Voyager 1 sent back several different indications that it had punched through the edge of our Sun's massive protective bubble inflated by solar wind - the heliosphere - after a 35-year journey.
But the magnetic field data gathered by the spacecraft was not what scientists had expected to see.
"There are still naysayers out there regarding Voyager 1 crossing through the heliopause - the edge of the heliosphere," said astrophysicist Nathan Schwadron of the University of New Hampshire and lead author of the paper.
"And the reason for this doubt is that when the spacecraft supposedly broke through the heliopause we should have seen some sort of distinctive shift in the magnetic field from one medium to the other," Mr Schwadron said.
Adding to the mystery, researchers found that the magnetic field direction observed in local interstellar space deviated by an angle of more than 40 degrees from what was expected.
Some scientists posited that this deviation was an indication of Voyager 1 still being embedded in the solar wind inside the heliopause.
Mr Schwadron and colleagues solved the discrepancies using triangulation of four different datasets gathered by other spacecraft, including the Interstellar Boundary Explorer (IBEX) mission that in 2009 discovered a mysterious "ribbon" of energy and particles believed to be associated with the interstellar magnetic field.

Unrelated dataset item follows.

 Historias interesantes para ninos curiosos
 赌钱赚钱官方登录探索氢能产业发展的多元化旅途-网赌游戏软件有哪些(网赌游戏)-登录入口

The scientists discovered that Voyager 1 - like an orienteer through the outer solar system - measures the magnetic field moving the needle on a compass with cardinal directions provided by the IBEX ribbon.
The ribbon centre is the direction of "true magnetic north" for the pristine interstellar magnetic field.
The study shows that the initial direction of the magnetic field observed by Voyager 1 is deflected by the heliopause, like an elastic cord wrapped around a beach ball.
Therefore, the spacecraft is moving through a special region of space where magnetic fields are rotated away from true magnetic north.
This means that while Voyager 1 did cross the heliopause in 2012, it is still travelling through this "muddied" magnetic field region and won't reach the "pristine" region of interstellar space until at least 2025, researchers said.
"Our analysis confirms two things for the first time: that the centre of the IBEX ribbon is the direction of the interstellar magnetic field and, secondly, that Voyager 1 is now beyond the heliopause," Mr Schwadron said.
Scientists now know they will need to wait at least another decade before Voyager enters the region of interstellar space that is beyond the reach of the Sun.
The study was published in the Astrophysical Journal Letters.